As centre-left economist Will Hutton expressed on the BBC News this evening, this would mean the biggest and most draconian cut to public expenditure in over a century; more severe than the austerity measures imposed in Spain, Ireland and Iceland, and even more fiscally brutal than the seismic state devastation wreaked across Greece and Cyprus, which has basically paralysed those nations and reduced them to the status of sub-nation states/democratically neutered kleptocracies. For any thinking this writer’s use of the term ‘psychopathic’ to describe the evident mind-state of the Chancellor is a touch hyperbolic, he is left with no other conclusion given the rapacious and unapologetically vicious extremes Osborne is prepared to go to in order to pursue his ultra-Thatcherite ‘ideology’: this ultra-privileged individual displays absolutely no sense of contrition, empathy or compassion for the millions his policies are poised to make chronically destitute, and in that sense, clearly shows the classic hallmarks of a psychopathic personality –in addition to this, by giving the poorest in society absolutely no room for manoeuvre under his swingeing guillotine at the Exchequer, and so effectively ‘socially cleansing’ entire sections of our populace, Osborne is also demonstrably of a fascist mindset, as well as a psychopathic mentality (the two almost always going together of course).

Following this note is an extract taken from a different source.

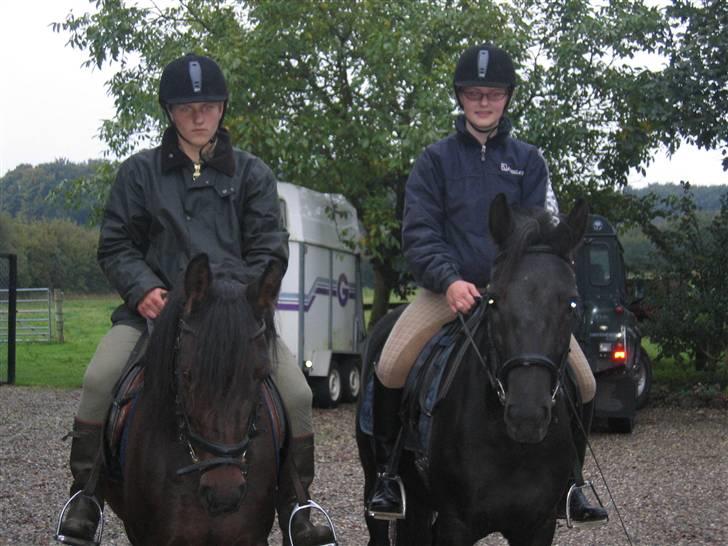 New Forest Åbakkens Mayfield SOLGT - Tur med min lillebror og Odessa. billede 13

As this writer predicted way back in June 2010 in his polemic to EV, Osborne et al have one primary political aim, the destruction of the welfare state; and this is now within their grasps because their relentless campaign of stigmatisation against the unemployed as uniform “scroungers” –even at a time of high unemployment and economic paralysis– has, with the assistance of the right-wing tabloid press, been efficacious in finally obliterating any vestiges of pro-welfare consensus left in this country (another reason why the common pro-universalism argument made from various political factions from the centre-right all the way through to the Far Left is now obviously void, since maintaining universalism has done absolutely nothing to promote public support for benefits –on the contrary, it has reigned over a period in our political history during which the welfare state has never been more vilified and demonised, and is now so unpopular that the ‘benefits’ it provides are now taboos, effectively dockets to stigmatisation and below subsistence level poverty).

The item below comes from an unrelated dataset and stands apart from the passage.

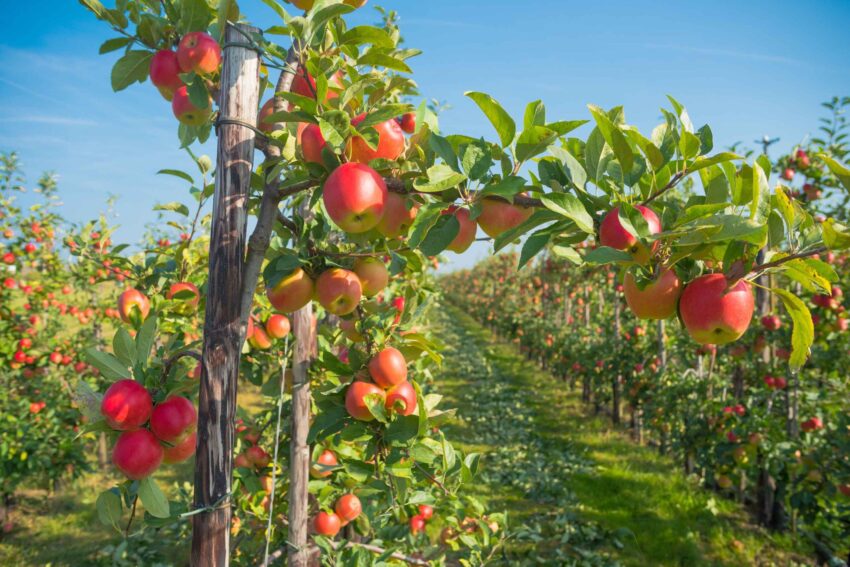 Midseason update: Apple growers face ‘critical inflection point’ as prices fall, costs rise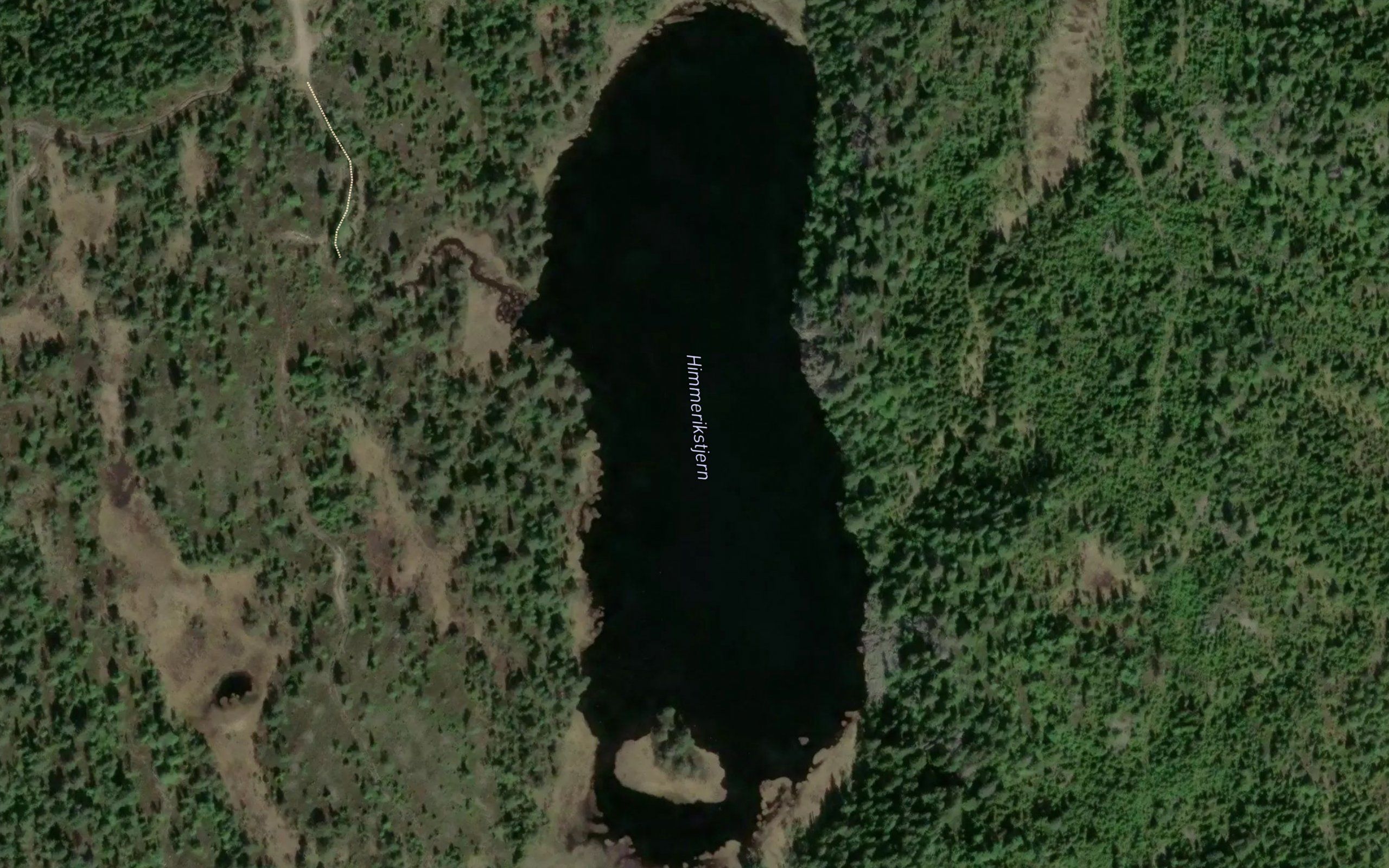 Himmerikstjern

Phase One: Destruction of what remained of the ‘Welfare Consensus’ completed, the Tories can now move on to Phase Two: the Destruction of the Welfare State itself. And, seemingly, much of the public are likely to continue applauding this onslaught on the apparatus from which they themselves may eventually be driven to seek support –but the support will no longer be there, at least, little more than nominally. To coin the old clichéd trope, the British public are currently so many turkeys clapping at the rapid approach of Christmas, with all the trimmings. Make no mistake: Osborne’s announcement on Thursday signals the very final death-knell of the welfare state, the public sector and all the vital services and safety nets both singularly provide for all of us, particularly at times of direst need. In short, a Tory victory in 2015 will not only mark the likely extinction of any last aspects of social democracy in this country, but also quite possibly the end even of a less-than-satisfactory or equitable ‘liberal’ democracy. What we will end up with in ‘Toryland’ is pure plutocracy, disgracefully enabled and facilitated by decaying ‘democratic’ framework presently entering its death throes; we will find ourselves living, effectively, in capitalist apartheid wherein the poorest and most vulnerable will have no significant state-provided support and will be left to destitution, and, in many cases, to simply die out.

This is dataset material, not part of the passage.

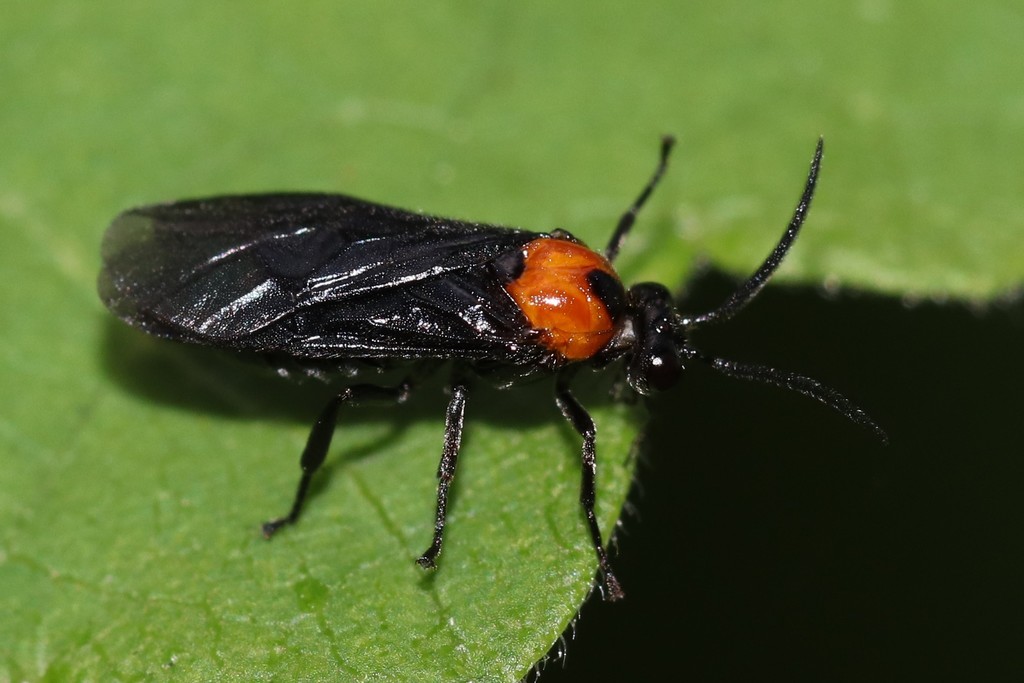 Hibiscus Sawfly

The question for all of us on the left of the electorate, as conscientious objectors, or rather, projectors, at this time, is to consider how exactly such an unthinkable and unacceptable future for this nation can be averted, through democratic means, before it is too late. This is the quandary that we all have to wrestle with for the next two years and whether or not we return to Labour, our only viable parliamentary option to the Con-Dems, is very much dependent on Labour itself: Left or Right, Mr Miliband, that is the question, and its answer will determine, either way, not only the election result in 2015, but also quite possibly the future of the Labour Party itself. If we had secured AV, then The Recusant would be in no doubt at all that all those on the left should switch their votes to the Green Party.

In principle, The Recusant still believes the Greens are the only parliamentary option for the Left at this juncture, whilst also recognising it would take a truly enormous sea-change in voters to ensure that they would be able to gain any more actual MPs in two years’ time. So, logically, in terms of simply preventing a further five years of Tory-led tyranny, one is minded still to hedge one’s bets on a possible last ditch vote for Labour in 2015, out of sheer desperation to rid our society of the most cruel right-wing government in living memory. But, for this writer at least, the option of voting for a party which believes in being pretty much as “tough” on the unemployed as the Tories, except with a couple of miniscule pinches more of empathy and compassion, would be against his personal conscience, and so, in that, Labour’s ‘One Point Two Nation’ is not an option at all.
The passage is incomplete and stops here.